* TASK TO COMPLETE *
The stretch from the line with "Velleman led strip ww ingegoten 45cm 1 0 0" through the line with "2015 Mercedes-Benz Cla" in the records below: write it out exactly, and nothing else.

* MATERIAL PROVIDED *
Content starts
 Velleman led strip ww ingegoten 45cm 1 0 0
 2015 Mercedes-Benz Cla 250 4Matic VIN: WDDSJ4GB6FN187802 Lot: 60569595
Content ends
Content starts
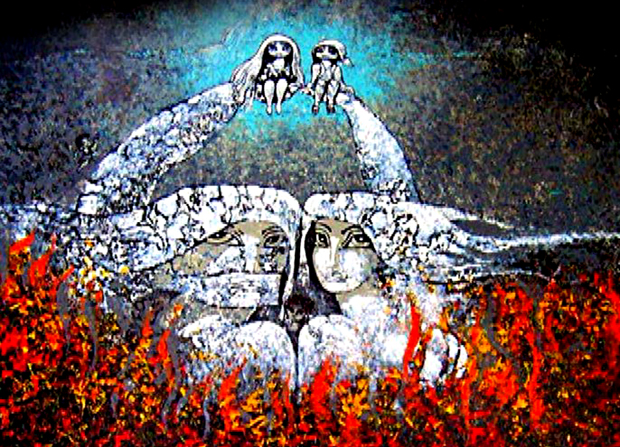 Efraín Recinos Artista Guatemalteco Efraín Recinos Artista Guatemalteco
Content ends
Content starts
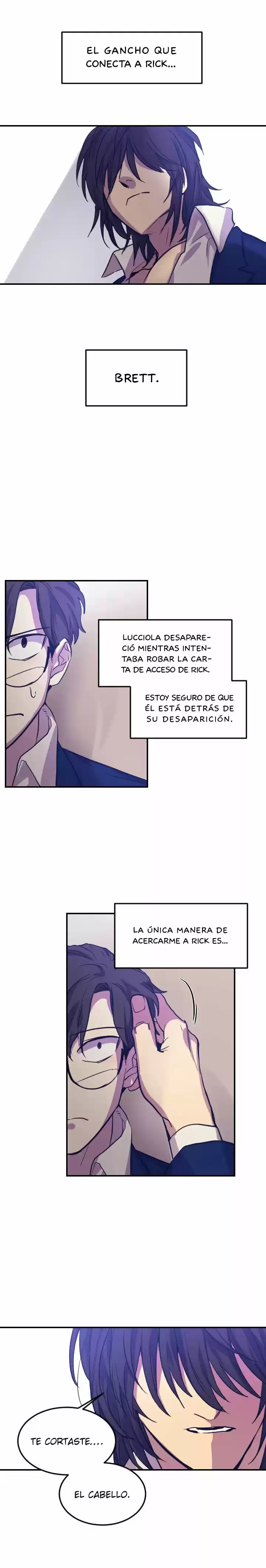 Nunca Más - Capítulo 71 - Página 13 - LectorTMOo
Content ends
* SOLUTION BELOW *
 Velleman led strip ww ingegoten 45cm 1 0 0
 2015 Mercedes-Benz Cla 250 4Matic VIN: WDDSJ4GB6FN187802 Lot: 60569595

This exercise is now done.